Les ex-rebelles Séléka et les milices anti-balaka s’affrontent dans un cycle meurtrier et sanglant d’attaques et de représailles dont les civils sont les premières victimes.
À Brazzaville, l’ex-rébellion Séléka est représentée, mais pas sa branche dissidente. Les milices anti-balaka sont représentées par un coordonnateur national, mais le mouvement n’ayant aucune structure centralisée, celui-ci ne pourra parler au nom de tous les groupes éparpillés dans le pays.
Le gouvernement de transition est présent, mais la classe politique, les dirigeants religieux et la société civile se sont divisés, bon nombre de personnes refusant de prendre part à une nouvelle rencontre hors du pays.

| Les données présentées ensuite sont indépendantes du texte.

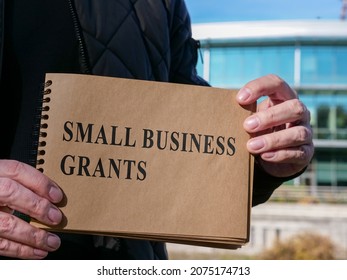 Man Holds Small Business Grants Sign On The Street.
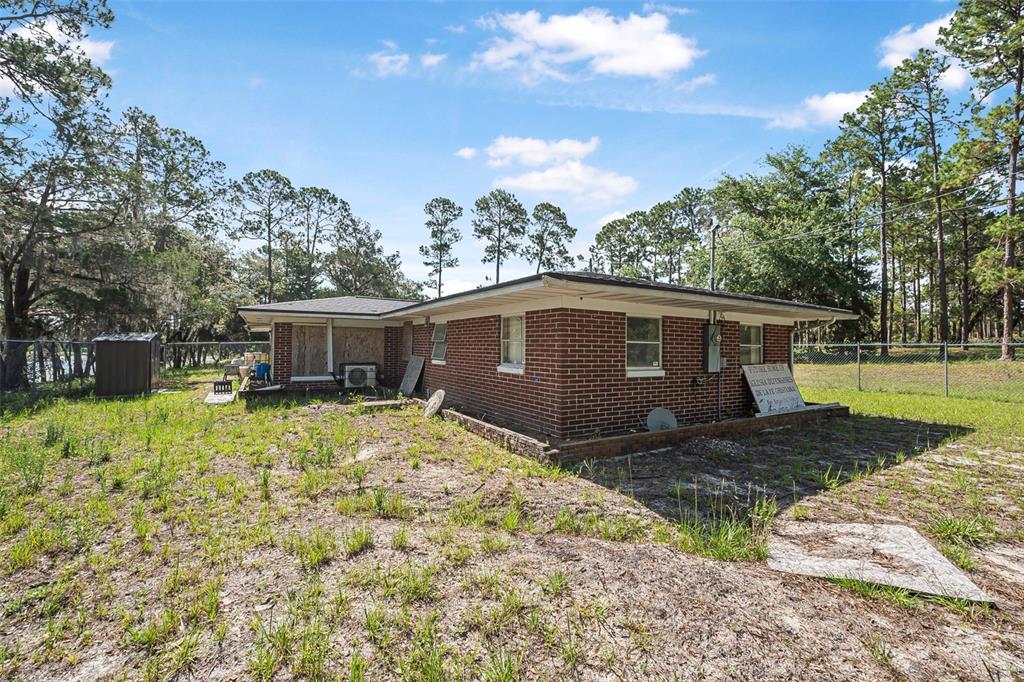 2620 Doyle Road Deltona, FL 32738 - Photo 36 of 54 a front view of a house with a yard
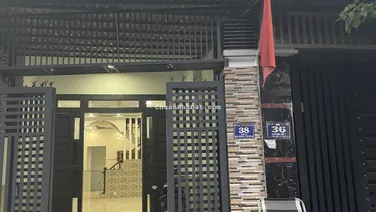 Bán nhà đường nhựa 8 m sân xe hơi trệt lầu gần trường học và chợ phường Tân Đông Hiệp , Dĩ an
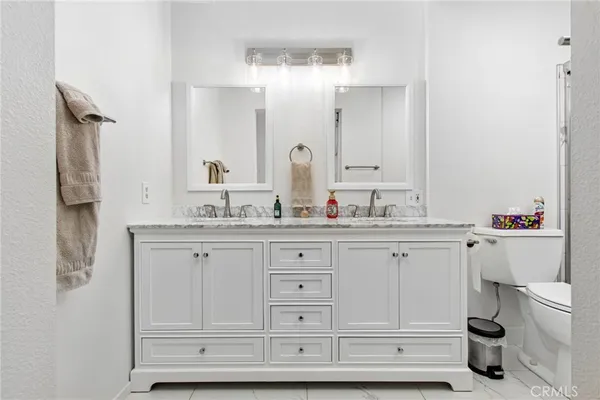 a bathroom with a granite countertop sink mirror and toilet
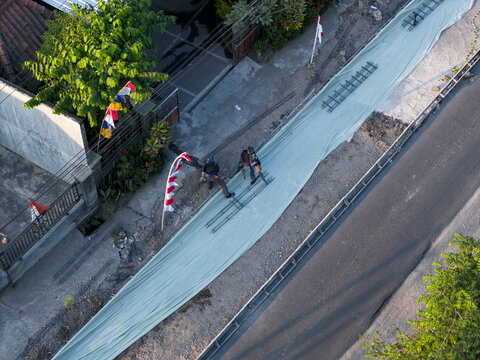 Aerial view of concrete road construction with workers placing steel reinforcement bars on a protective sheet along the roadside in Kecamatan Manisrenggo, Jawa Tengah, Indonesia.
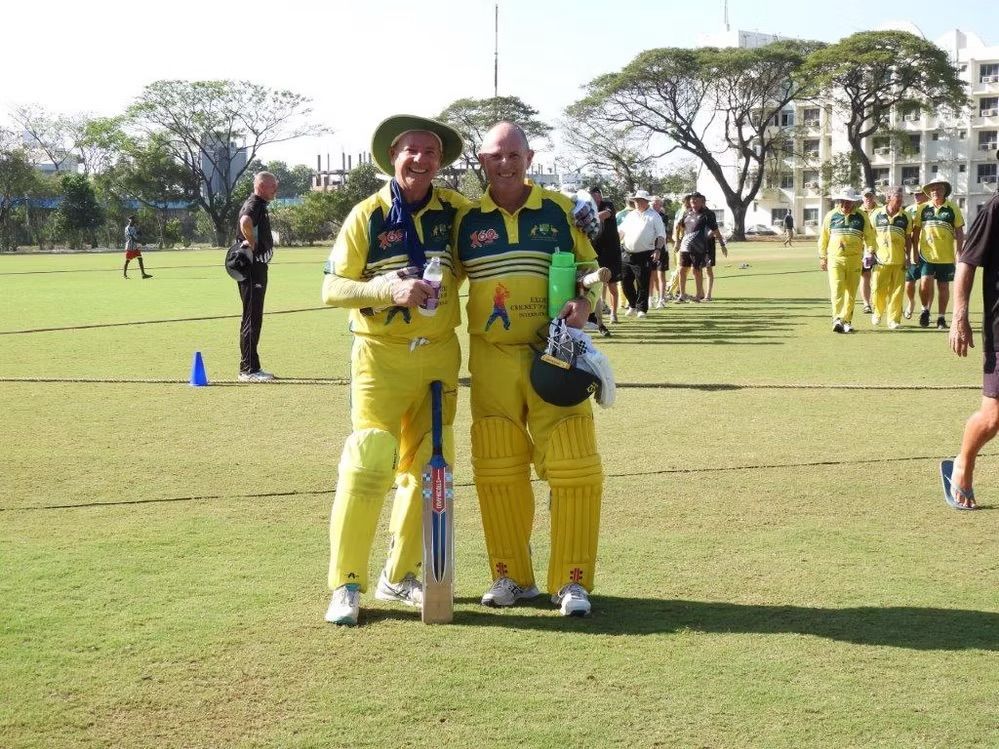 Two men in yellow cricket uniforms, one with a bat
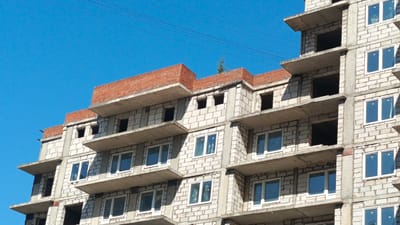 This image shows the exterior of a multi-story building under construction in Zvenigorod, Russia. The building is made of light-colored concrete blocks and has several unfinished floors. Many window openings are visible, some with windows already installed. Concrete balconies or cantilevered floors extend from various levels. The top of the building is capped with red bricks. The sky is a clear, bright blue, and a few thin wires are visible against the sky in the upper left portion of the image. There are no people visible in the frame. The overall impression is of an active construction site.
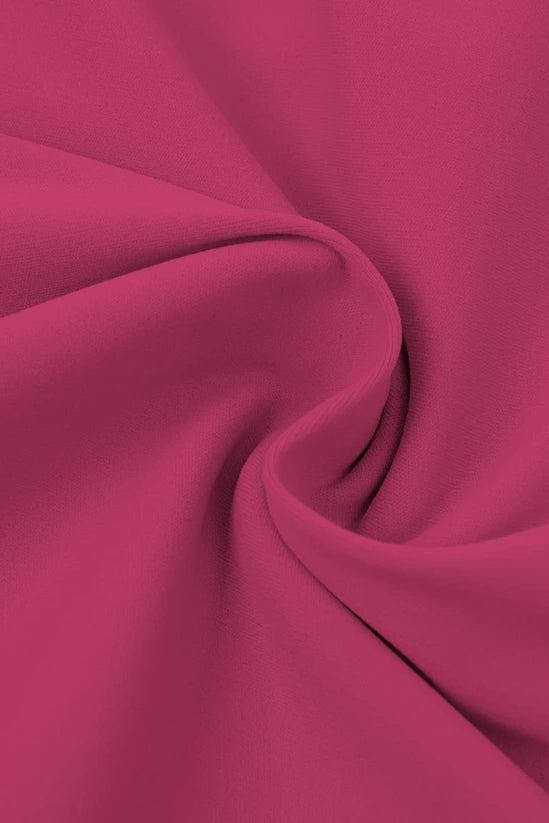 High-waisted seamless flared leggings in soft flowing fuchsia fabric with gentle folds and smooth texture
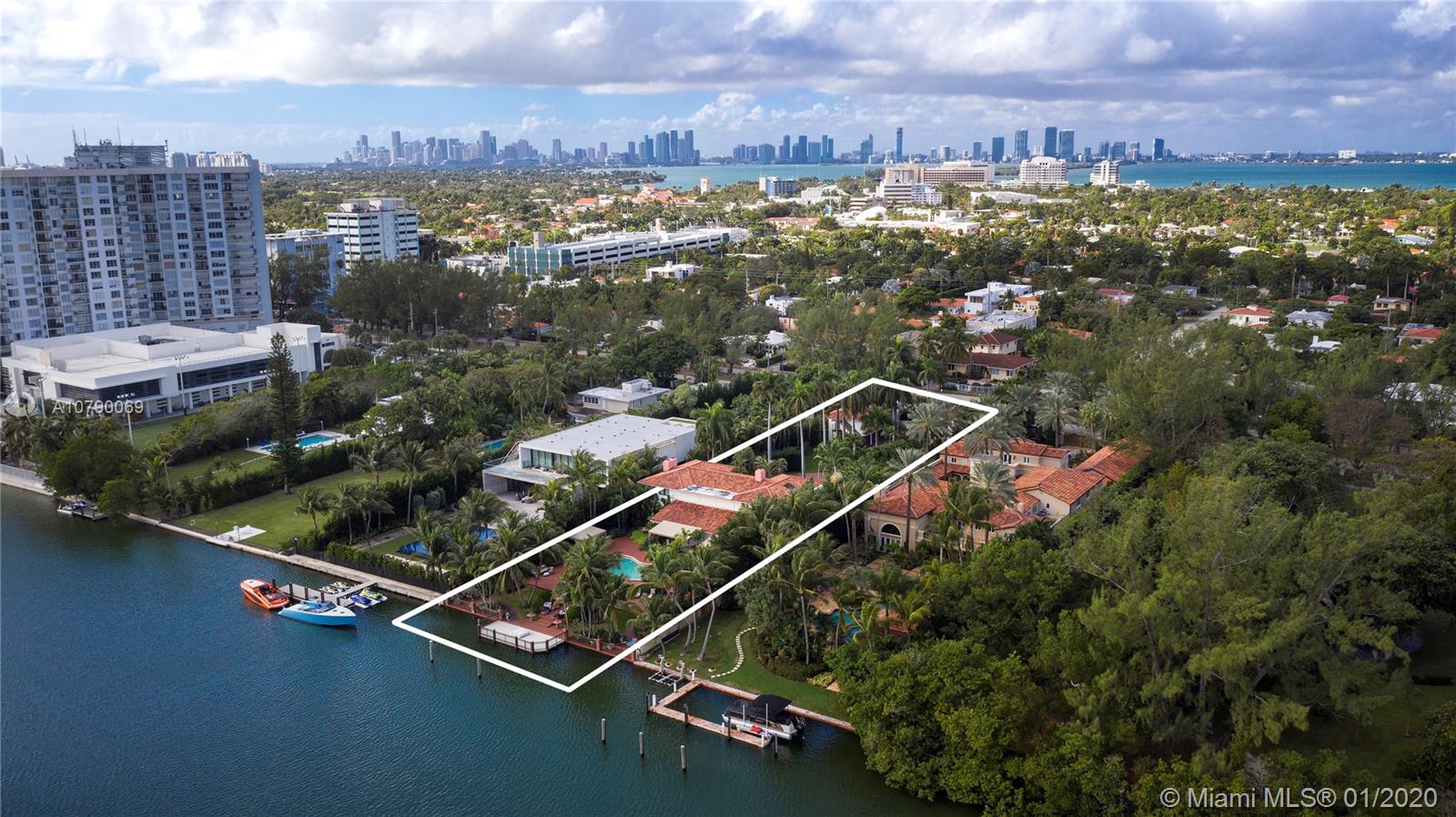4403 Pine Tree Drive Miami Beach, FL 33140 - Photo 3 of 12 an aerial view of residential houses with outdoor space and city view
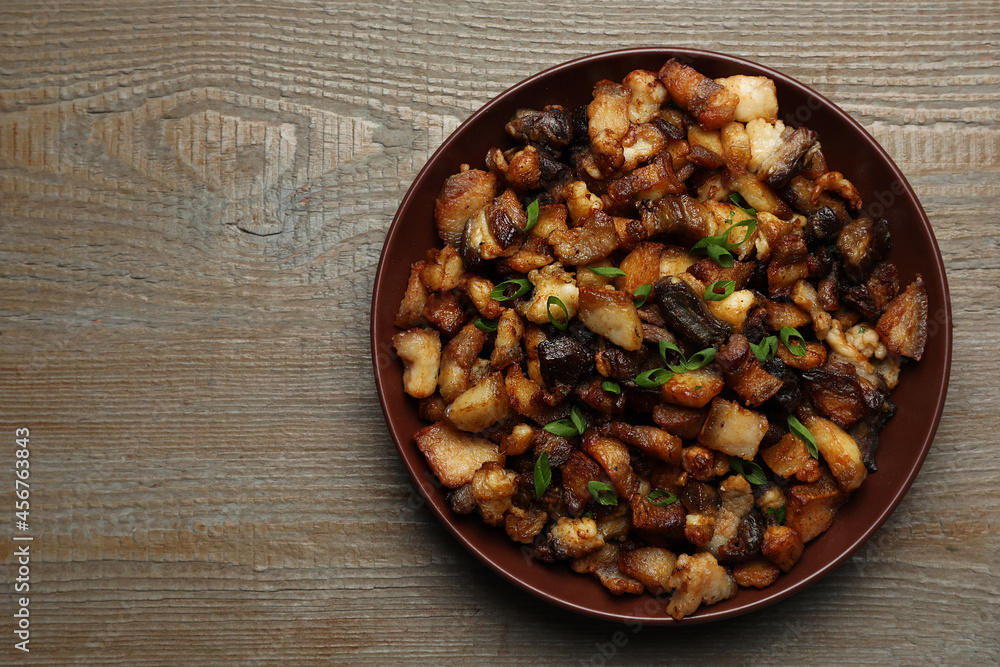 Tasty fried cracklings on wooden table, top view with space for text. Cooked pork lard Tasty fried cracklings on wooden table, top view with space for text. Cooked pork lard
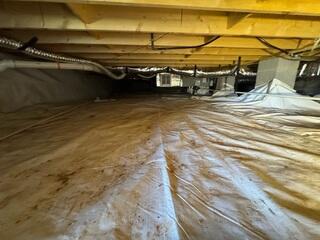 Old Encapsulation System done by another company. You can see it failed due to the mud stains on top of the barrier, due to a rip in the system.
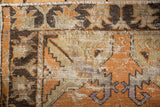 Distressed Oushak rug pile showing wear to knot heads, faded tangerine and charcoal.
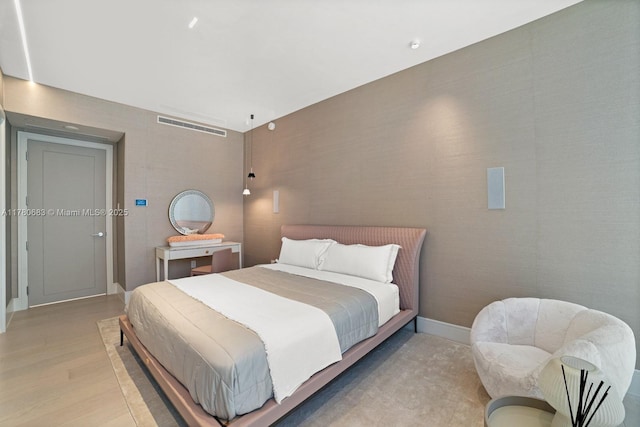 bedroom with baseboards, light wood finished floors, and visible vents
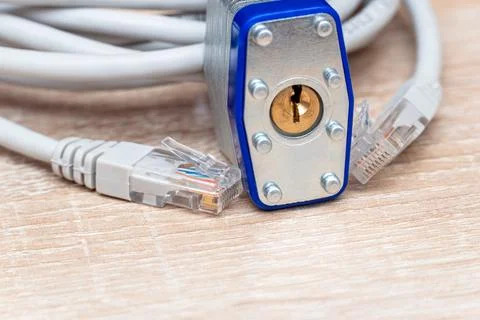 Bundle of network wires with metal padlock on the table 스톡 사진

L’interventionnisme des pays de la région pour tenter de régler la crise est mal vécu, qu’il s’agisse du Gabon ou du Tchad, qui ont abrité des sommets n’ayant rien arrangé, ou encore du Congo.
Médiateur des pays de la région pour la crise centrafricaine, le président congolais Denis Sassou Nguesso a appelé les participants à s’«approprier le processus de retour à la paix, à la sécurité, à l’unité, à la réconciliation nationale et à la prospérité».
«La décision vous revient… nous considérons Brazzaville comme la première étape d’un long processus qui se déroulera chez vous», a-t-il ajouté, notant que le pays avait «atteint l’abîme» et qu’il était temps «de tirer les leçons de toutes les expériences passées.»
Pour Thierry Vircoulon, directeur du programme Afrique centrale du cercle de réflexion International Crisis Group, la question de la représentativité et le peu de temps prévu pour la rencontre risquent néanmoins «de peser sur sa réussite et sur la mise en oeuvre des décisions qui y seront prises».